Wednesday | 28 Jan 2015

Monte-Carlo driver report: Part 1

We analyse how the top drivers coped at last weekend’s Rallye Monte-Carlo in the first of a two-part summary.

Sébastien Ogier (Volkswagen Polo R)
Hugely entertaining battle for the lead during the first two legs with Sébastien Loeb. Once he had seen off his fellow countryman, Ogier delivered a masterclass in how to manage Monte from the front. Controlled his pace to ensure no risks, gauging his speed purely on instinct with no split times to rely on. Surrendered a minute to Jari-Matti Latvala in the penultimate leg while doing so, but the win was never in doubt.

Kris Meeke (DS 3)
Looked good for fourth place until a mistake in Friday’s final test ended with the Northern Irishman stranded mid-stage with broken rear suspension.
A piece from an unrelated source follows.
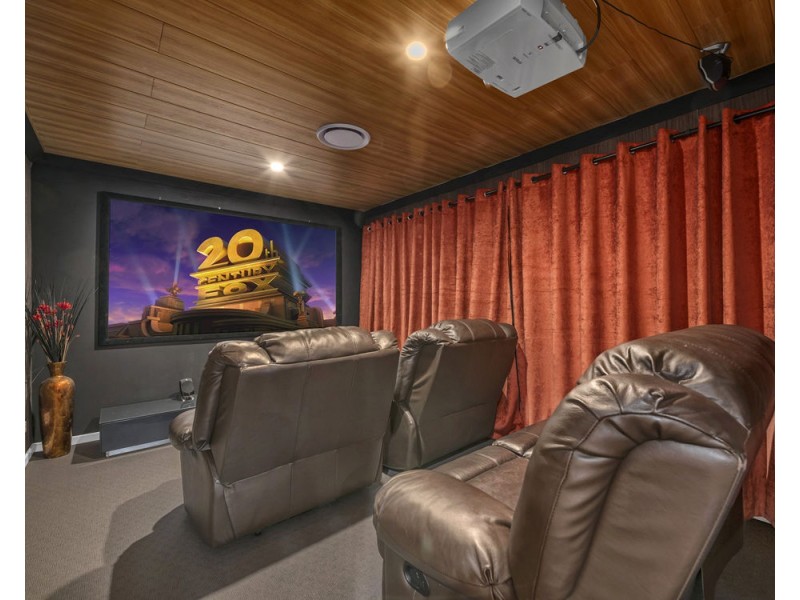 19 Beazley Circuit, Bridgeman Downs QLD 4035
Returned to claim maximum points in Sunday’s Power Stage. Indeed, three wins from the final four tests indicated the speed was there, but 10th overall was not the start to the season that he had hoped for.

Elfyn Evans (Ford Fiesta RS)
Evans promised to up his pace in his second full season and he delivered here. Well to the fore of the big battle for fourth on Friday morning, but slipped back in the afternoon after becoming frustrated with his studded tyres. Bounced back to fifth, but swiped a wall in SS11 and limped through the following Sisteron with suspension damage. He dropped two minutes and found himself back in seventh.

Thierry Neuville (Hyundai i20)
On the back foot from the start after Hyundai’s disastrous 2014 Monte left the Korean squad with little data to fall back on. Sat at the bottom end of the top 10 leaderboard for the first two legs, but the Belgian climbed the order and started the final day a handful of seconds behind fifth-placed team-mate Dani Sordo. It all came down to the final Power Stage when he edged ahead of the Spaniard by 0.8sec.

Andreas Mikkelsen (Volkswagen Polo R)
Jumped from sixth to third in Friday’s last stage and that was pretty much that. His podium never came under threat, but in such circumstances it would have been easy to take his eye off the ball and make a mistake on the hazardous roads. At times, he appeared quite perplexed by the inconsistent conditions, but netting a podium while learning so much about Monte represented a good start to the year.

Robert Kubica (Ford Fiesta RS)
First night electrical problems after a brush with a tree, followed by a Friday afternoon off and a rally-ending crash at the finish of Sunday’s Col de Turini stage when his brakes disappeared, spoiled any chance of a good result. But his pace inbetween was sensational. The Pole won three stages on Friday when the Ogier / Loeb battle was at its height, and another on Saturday. Good entertainment all round! 

Lorenzo Bertelli (Ford Fiesta RS)
There can’t be few tougher rallies on which to drive a World Rally Car for the first time than Monte-Carlo. Bertelli survived the first night in 14th and climbed to 11th on Friday, but then parked his Fiesta RS off the road for an hour in SS10. Opened the road on Sunday as a result and eventually classified 68th.